• _Your instructions_: Restate the listing word for word. Stop at the line that holds "Vintage Washed Oversized Zip-Up Hoodie", include it, and leave out all pictures.

• _Available records_:
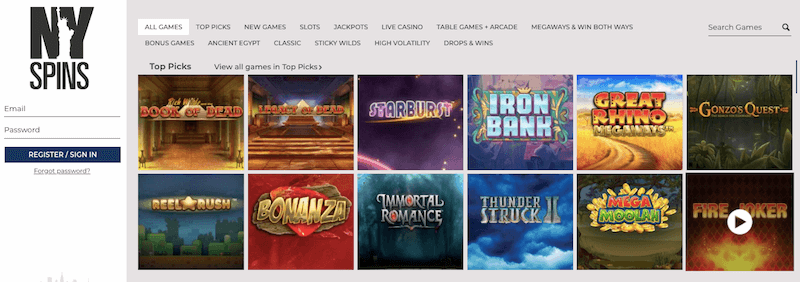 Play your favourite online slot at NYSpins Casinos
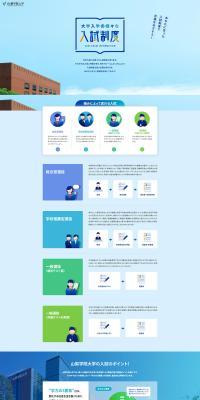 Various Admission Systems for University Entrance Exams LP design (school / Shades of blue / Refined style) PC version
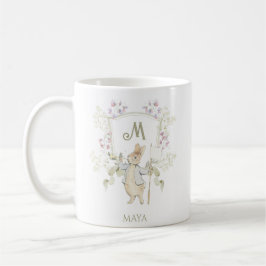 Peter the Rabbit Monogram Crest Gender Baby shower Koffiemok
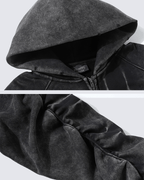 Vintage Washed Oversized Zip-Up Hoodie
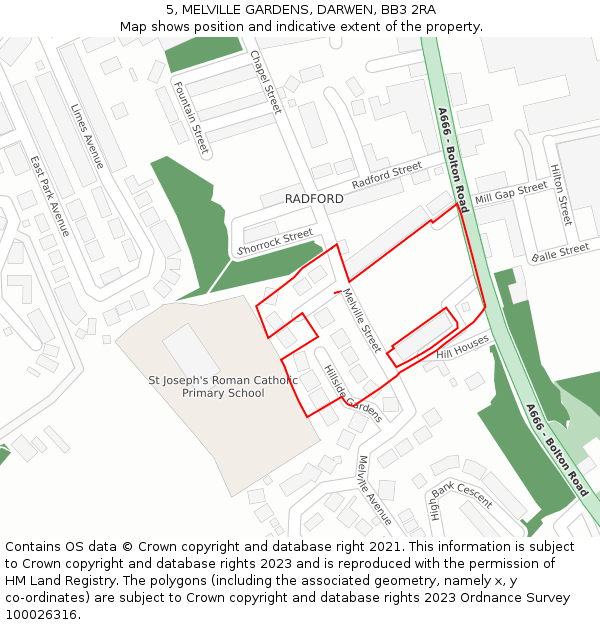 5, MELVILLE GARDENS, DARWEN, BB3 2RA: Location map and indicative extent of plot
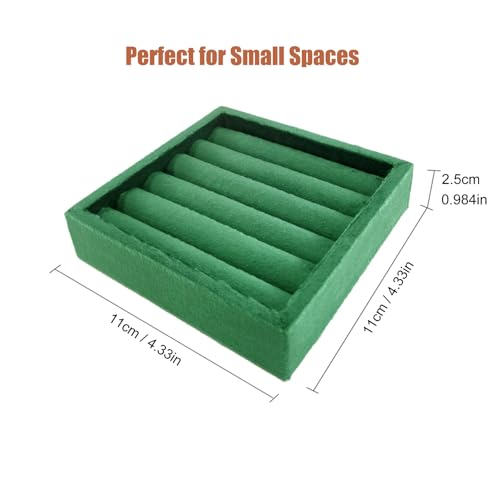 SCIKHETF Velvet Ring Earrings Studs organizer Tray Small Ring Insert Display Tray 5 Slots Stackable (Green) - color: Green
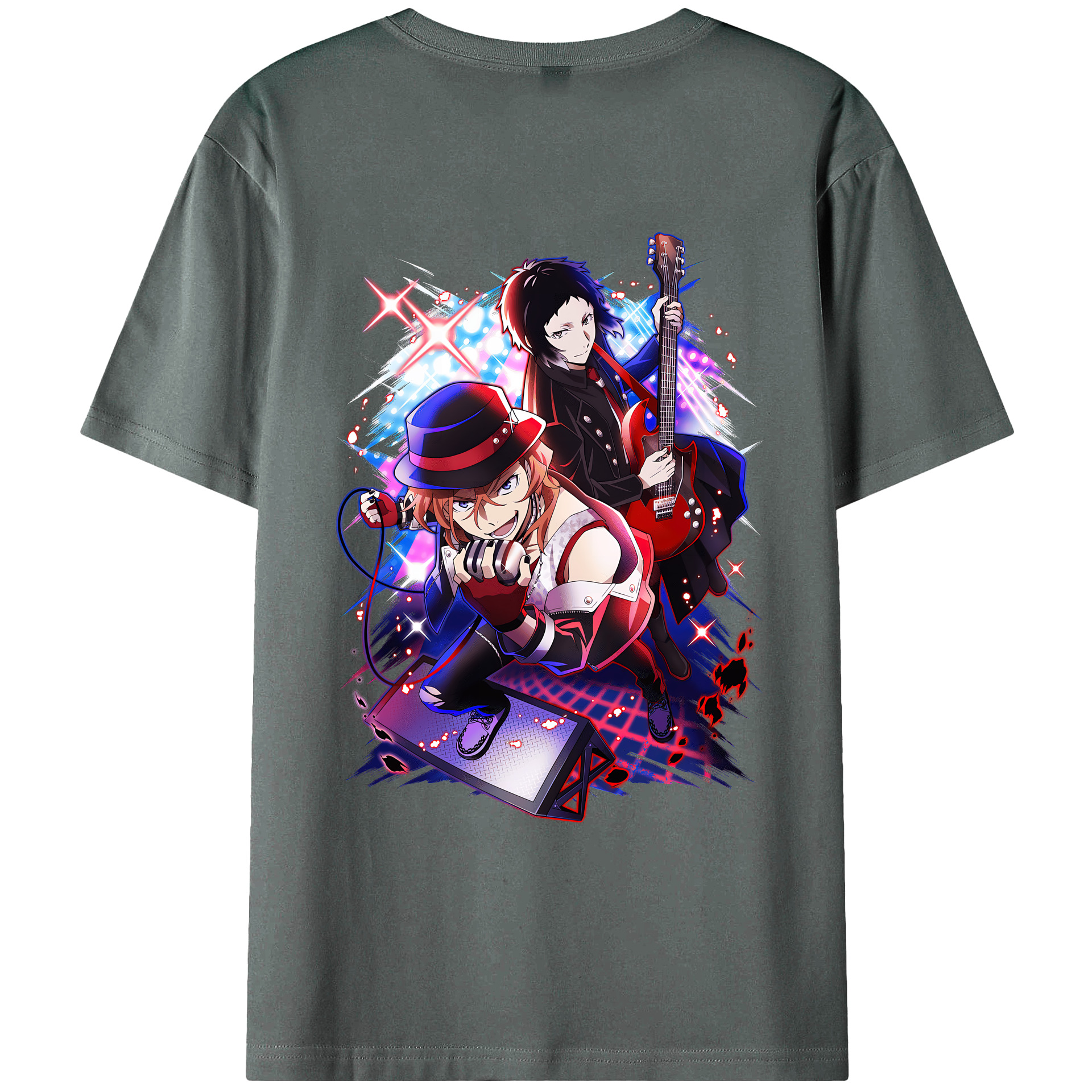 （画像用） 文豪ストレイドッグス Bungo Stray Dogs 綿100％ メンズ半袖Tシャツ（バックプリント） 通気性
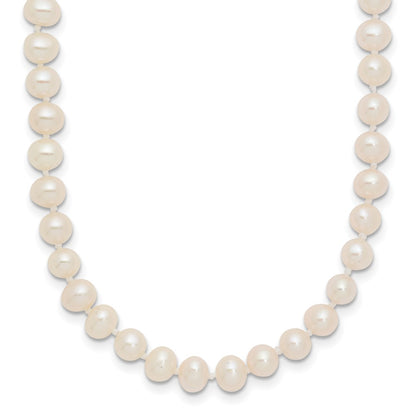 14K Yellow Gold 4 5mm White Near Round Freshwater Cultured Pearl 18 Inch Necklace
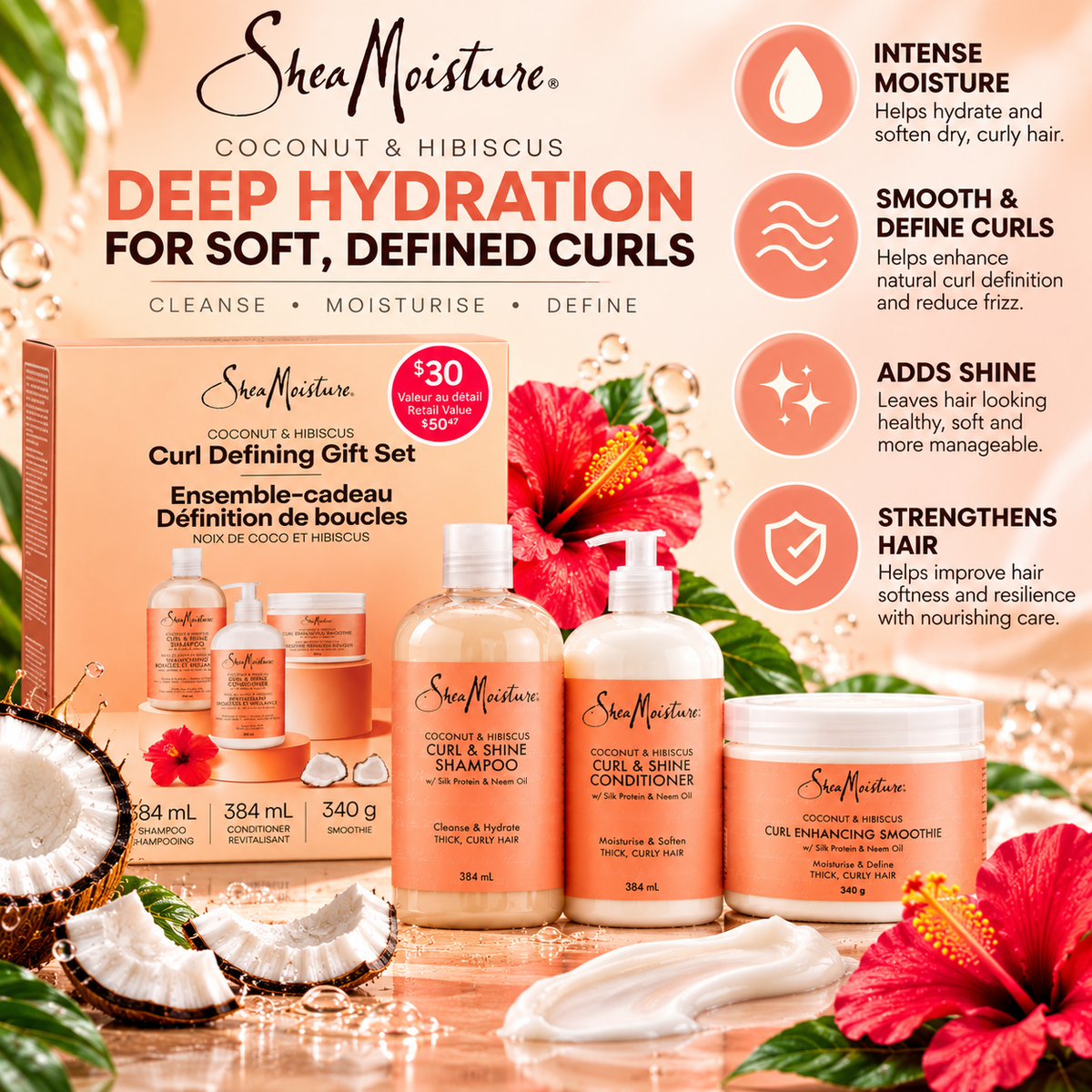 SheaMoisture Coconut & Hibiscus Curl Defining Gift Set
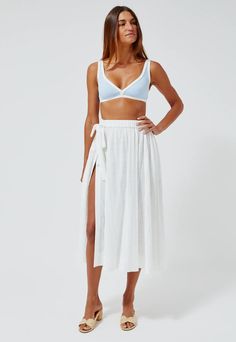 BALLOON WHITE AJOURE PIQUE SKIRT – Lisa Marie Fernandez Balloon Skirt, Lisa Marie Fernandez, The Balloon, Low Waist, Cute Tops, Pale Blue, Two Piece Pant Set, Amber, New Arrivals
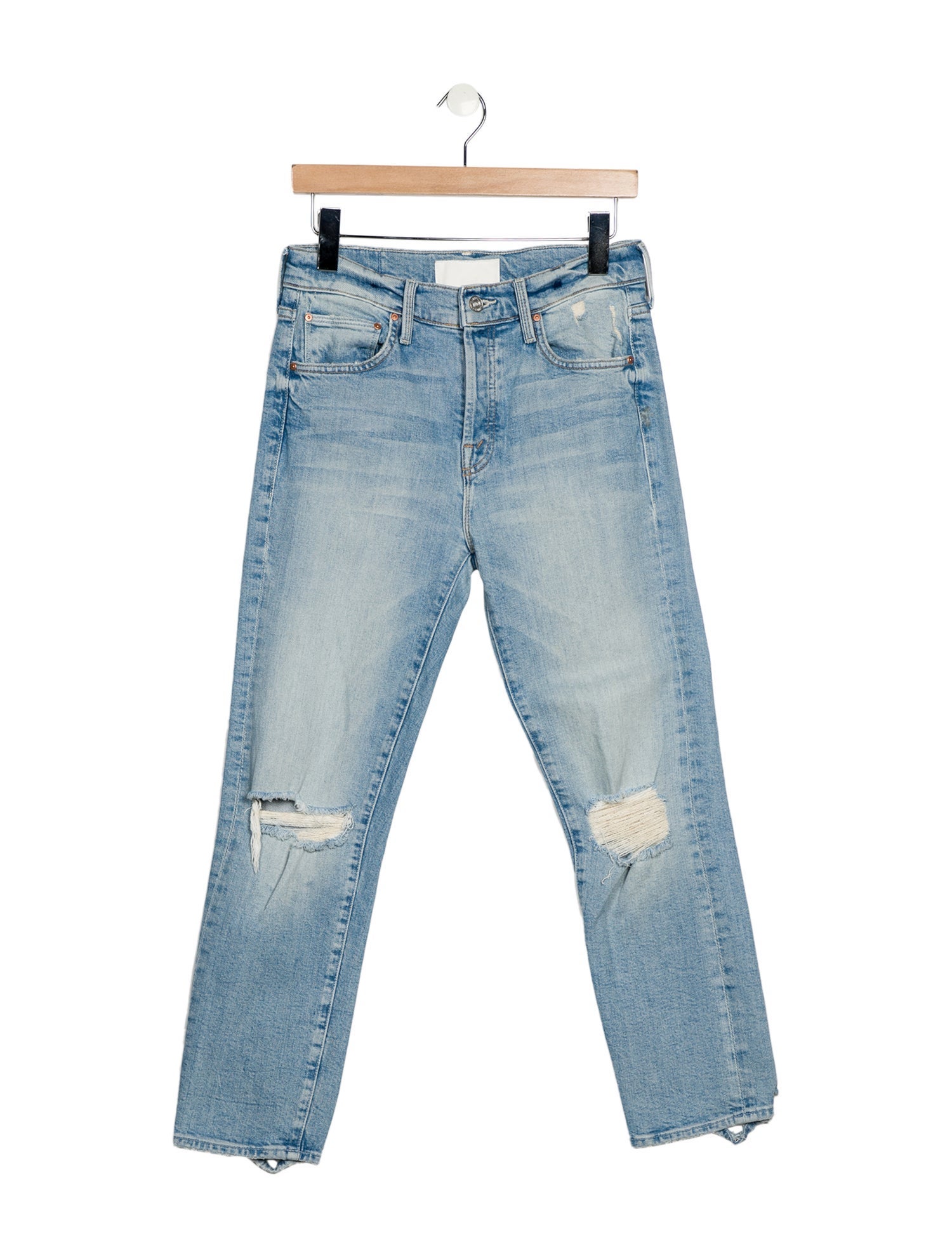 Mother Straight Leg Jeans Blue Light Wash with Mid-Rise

• _Written response_:
 Play your favourite online slot at NYSpins Casinos
 Various Admission Systems for University Entrance Exams LP design (school / Shades of blue / Refined style) PC version
 Peter the Rabbit Monogram Crest Gender Baby shower Koffiemok
 Vintage Washed Oversized Zip-Up Hoodie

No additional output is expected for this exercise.